Just Swell
It has been too long since I've written, unrusty and well-oiled, to describe what I feel when my body gets near the San Rafael Swell. I think I have tried and I come off sounding somewhere between totally stoned and possibly manic--which, I may say, its probably not a bad place to be. But the land does something prime to me, what I imagine people feel when they "come home". I think about those rocks, deep canyons, empty vistas, strange formations and my inner emotive system become anxious with desire and exhilaration.
I think I might be in love?
When I am not there I'm quite often in bed with a yellow highlighter and my withered map--tracing all the lines my eyes haven't absorbed in real life. Not just the swell, but the Delta desert, and the carves of the Colorado River, the muddy channels of the inexplicably named Green River, and the high elevations of the Flaming Gorge region. There is so much to do.
And so little time?
I do quite often feel like I am running out of time.
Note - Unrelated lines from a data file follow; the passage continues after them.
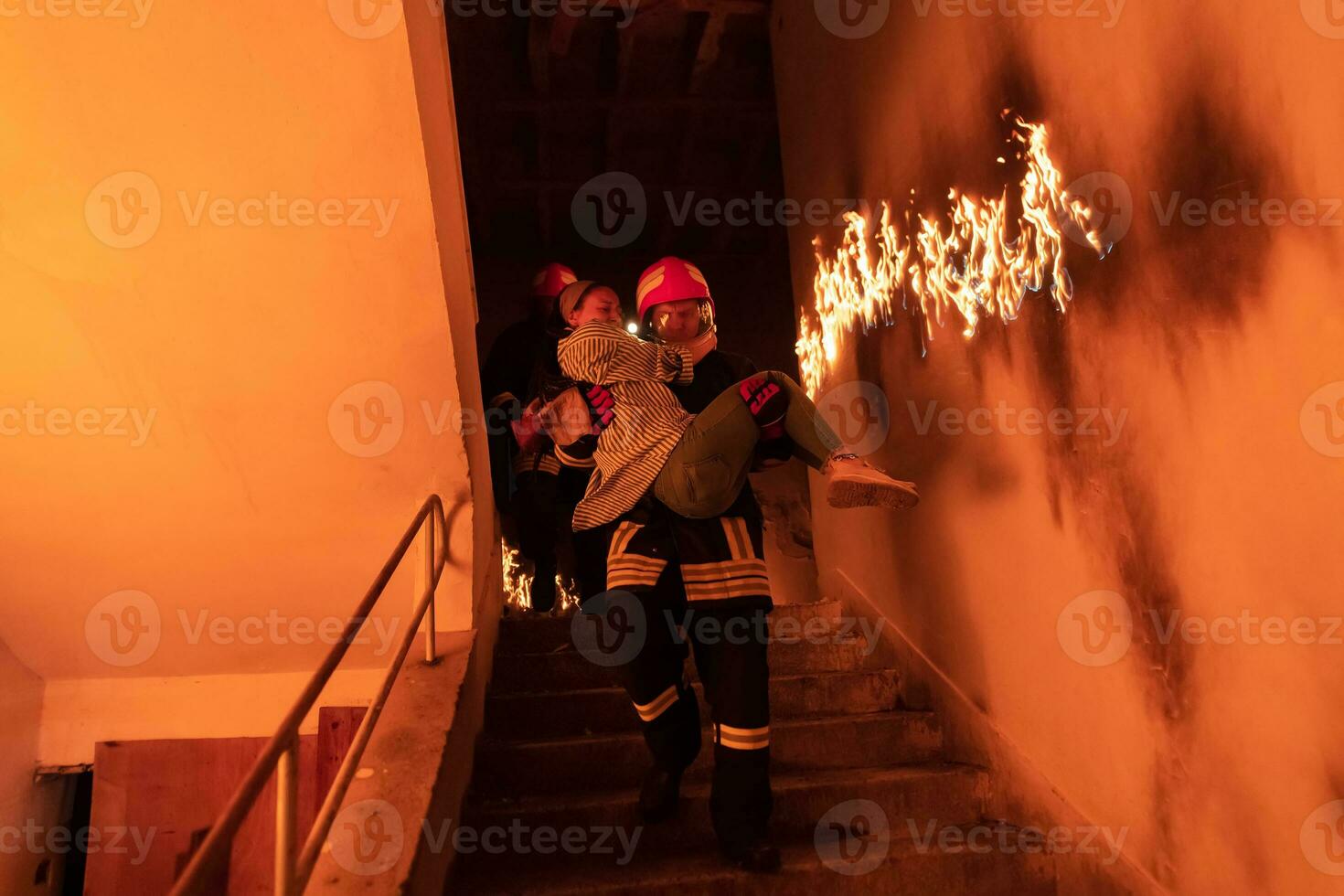 Brave Fireman Descends Stairs of a Burning Building and Holds Saved Girl in His Arms. Open fire and one Firefighter in the Background. photo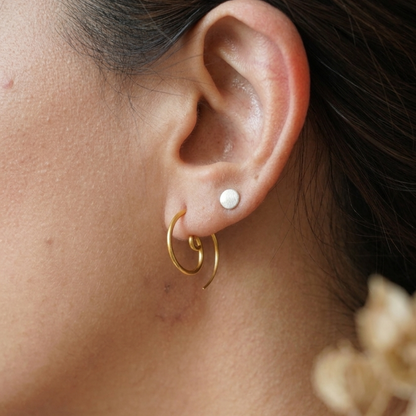 Close-up of an ear wearing gold hoop earrings with a pearl stud.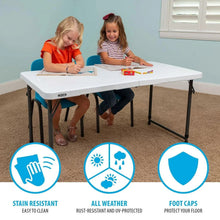 White folding table with black legs and protective foot caps for indoor use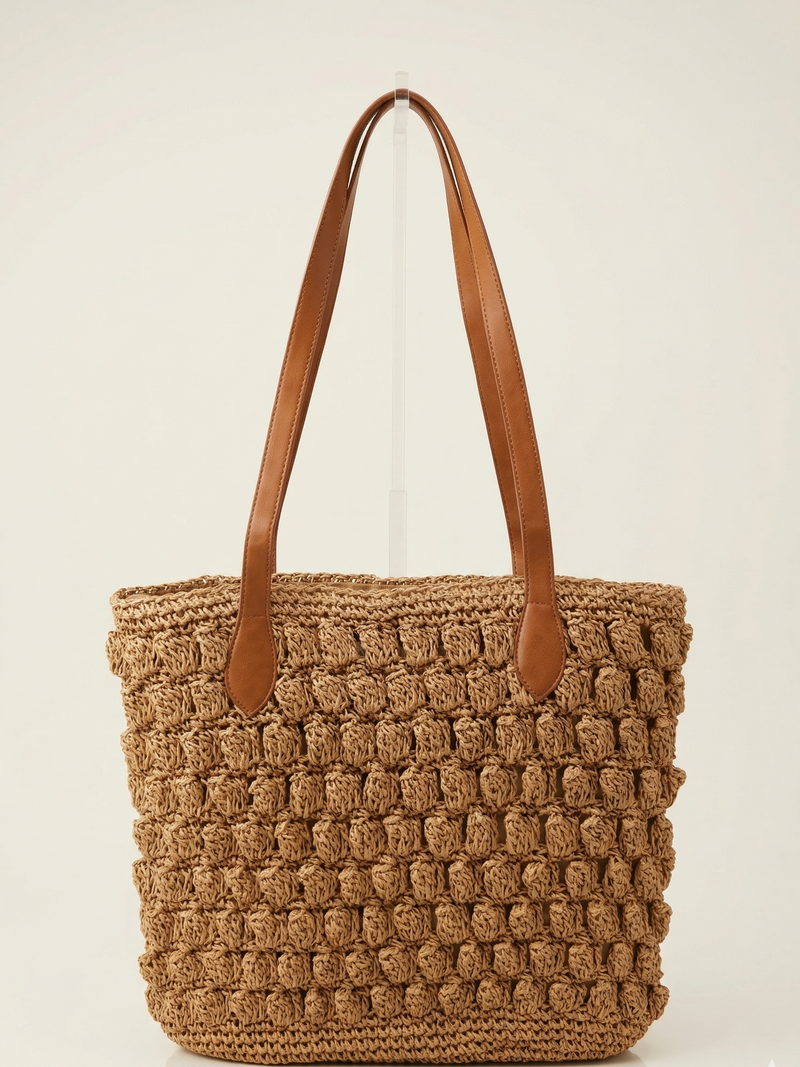 Brown woven tote bag with brown leather straps on a light beige background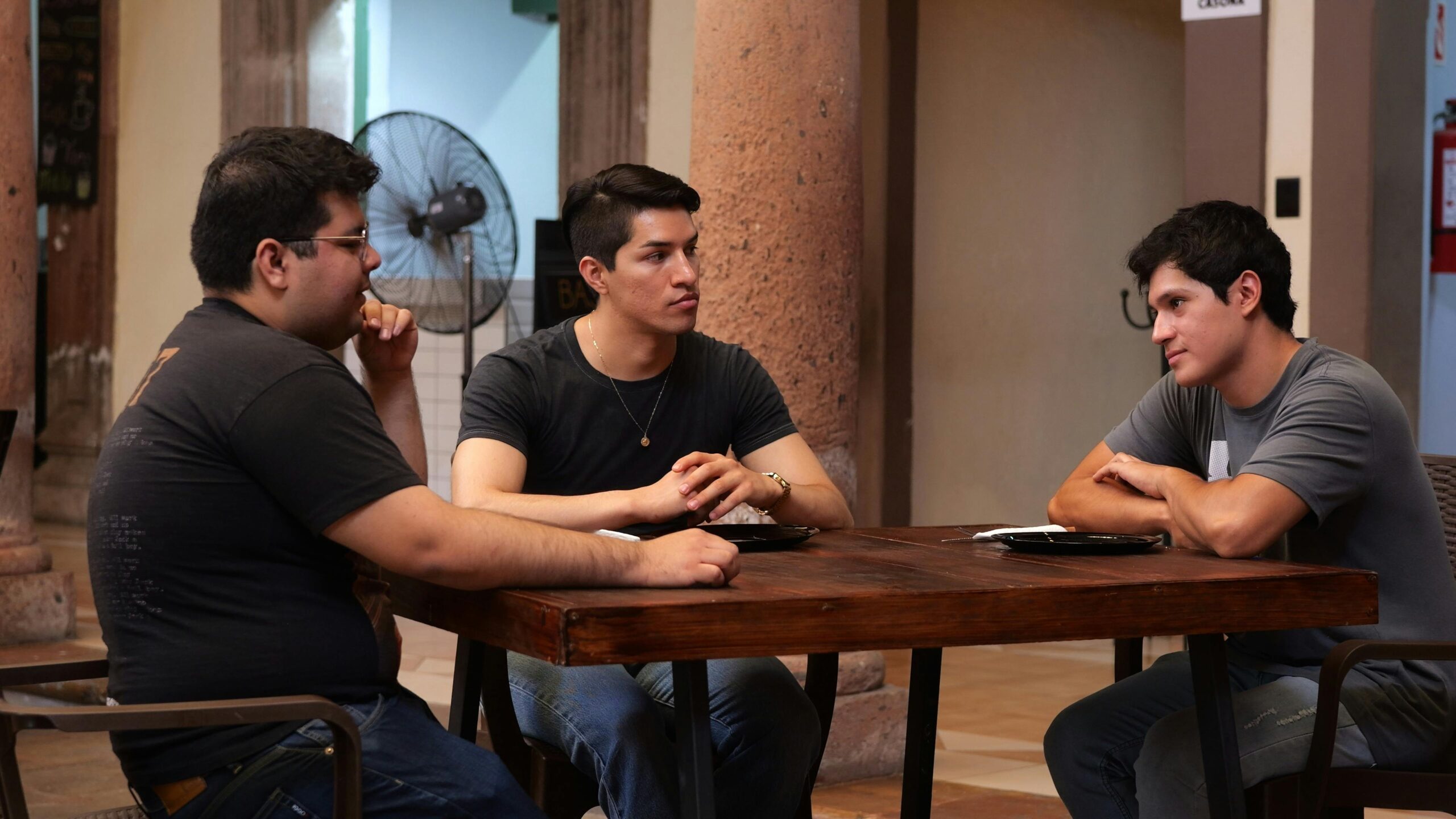Projetos Three men having a casual conversation at an indoor table in Guanajuato, Mexico.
Along that stretch of treeless land from northern Utah into Wyoming on your way to Bear Lake there are historical markers and every time I pass one without stopping in every little town (Woodruff, Randolf, I see you and I love you) I feel an ache. The older I get the hungrier I am to know about places--how the marriage between geology and weather produces a progeny of plants, animals and people.
I have stood in ancient lake beds, sifted sands of a million years, grazed petrified wood, picked shiny black obsidian from pastoral watering holes in the west desert, felt the whoosh of the thin air in the alpine country of my own backyard.
Alone, these adventures are enough, but I get to share them with the man I love and the children we created. And all together, it is more than enough.